Hay bichos, como es obligado. Hay trampas. Hay explosiones y exageraciones y diálogos divertidos y la declaración de amor más hermosa que se ha hecho en el cine desde hace mucho tiempo. Hay buena química entre Indy y Mutt, y sigue notándose esa chispa entre Indy y Marion Ravenwood. Brillan maravillosos los ojos de Irina Spalko y las alusiones cinematográficas siguen siendo una delicia: ahí está el rock and roll, los soda fountains de American Grafitti, los jets y los sharks, la entrada en acción de Mutt disfrazado de Marlon Brando en El Salvaje; ahí está el chiste cruel con la familia nuclear, y la desaforada supervivencia a una explosión nuclear con una jaula de Faraday improvisada; ahí están los hombres de negro, y las alusiones a Von Däniken que ya se apuntaban en En busca del Arca Perdida; ahí está explicada en dos pinceladas certeras la América de los años cincuenta y su aplicación casi literal a la América que vivimos y soportamos hoy; y ahí está Indiana Jones como sólo sabe estar Indiana Jones, más cansado, más viejo, más profesor y un poquito más pedante que de costumbre, alocado como de costumbre pero, pásmense, más respetuoso con lo que saquea, en tanto que gran parte del último tramo de la película es el intento de devolver la calavera de cristal a su lugar de origen, cosa que Indy hace sin ningún remordimiento. El final de Irina, claro, remite al final de Belloc en El Arca Perdida y plantea, desde el cientifismo opuesto a la teología, la misma imposibilidad del ser humano de comprender lo absoluto.

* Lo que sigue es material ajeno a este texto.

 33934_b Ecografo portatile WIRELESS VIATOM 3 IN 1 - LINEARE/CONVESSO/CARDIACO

Del metal en la pólvora que vuela como polvo de hada hasta el cajón oculto nada menos que en el Área 51, a la soledad de un Indy que se dobla perfectamente la camisa antes de meterla en la maleta (cuando antes la tiraba como si tal cosa), la película recuerda en su penúltimo decorado a La Búsqueda 2 (a fin de cuentas, su segundo hijo cinematográfico de más éxito), mientras que el escenario con los trece esqueletos de cristal sentados en redondo recuerda a los comics de Thorgal. No deja de ser una curiosa "coincidencia" que el hijo comiquero mejor logrado de Indiana Jones, Martin Mystère tuviera en su primera aventura a estas mismas calaveras de cristal que Indy recupera ahora.

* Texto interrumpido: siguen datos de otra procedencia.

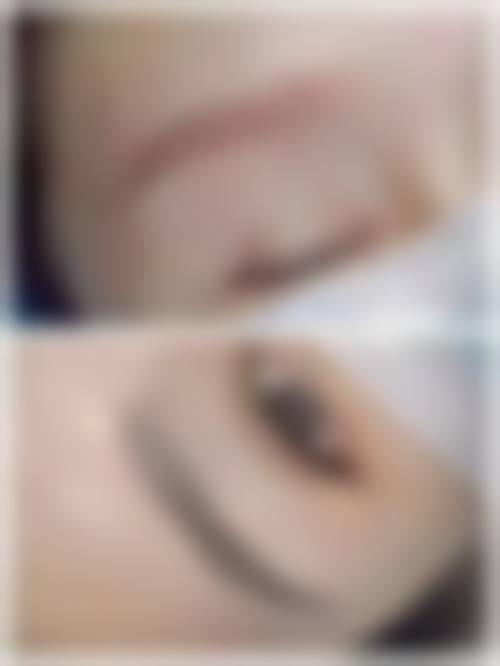 八、东营凤颜整形医院真实的患者评价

La película sigue teniendo, como las anteriores, ese tufillo a serie B donde pasan tantas cosas y tan sin ton ni son que uno no tiene tiempo ni a ponerles pegas ni a justificarlas. La música de John Williams recupera momentos cumbre de sus anteriores bandas sonoras y es capaz de transmitir ese sonido extraterrestre que ya había desplegado con tanta maestría en su E.T.(no, no serán ustedes los únicos que vean cierto parecido entre los dedos de los alienígenas y los del cabezón amigo de Elliot).
Se reconoce el pasado del joven Indy en su serie televisiva (la alusión al episodio de Pancho Villa es impagable), sabemos ahora que la relación entre Indy y Marion continuó más allá de 1936, y nos ponen la miel en los labios cuando comentan (un general llamado Ross en un sitio de pruebas nucleares, nada menos) que Indy actuó como espía en la Segunda Guerra Mundial, incluso haciendo de doble agente en Berlín con Mac (Ray Winstone), como retándonos a pedir que nos narren algún día todas esas peripecias. En ese tira y afloja, y a pesar de todo, Harrison Ford se empeña en demostrar a la perfección que él es Indiana Jones, y ahí está esa escena final para recalcarlo. El hiato entre La Última Cruzada y esta película todavía tendrá que seguir sin ser rellenado, y ay del actor que intente calzarse su sombrero.